> _Your objective_:
Print nothing but the lines below starting at the line that holds "Quay Design Karlson" and ending at the line that holds "Harley Davidson Night", including both, each exactly as written.

> _Data_:
----
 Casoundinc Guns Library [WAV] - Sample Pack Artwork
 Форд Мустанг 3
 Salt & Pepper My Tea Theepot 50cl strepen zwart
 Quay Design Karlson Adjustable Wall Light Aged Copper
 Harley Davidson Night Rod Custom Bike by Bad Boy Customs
----
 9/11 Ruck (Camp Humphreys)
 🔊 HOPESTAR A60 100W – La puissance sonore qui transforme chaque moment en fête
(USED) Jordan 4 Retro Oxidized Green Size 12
----
> _Expected answer_:
 Quay Design Karlson Adjustable Wall Light Aged Copper
 Harley Davidson Night Rod Custom Bike by Bad Boy Customs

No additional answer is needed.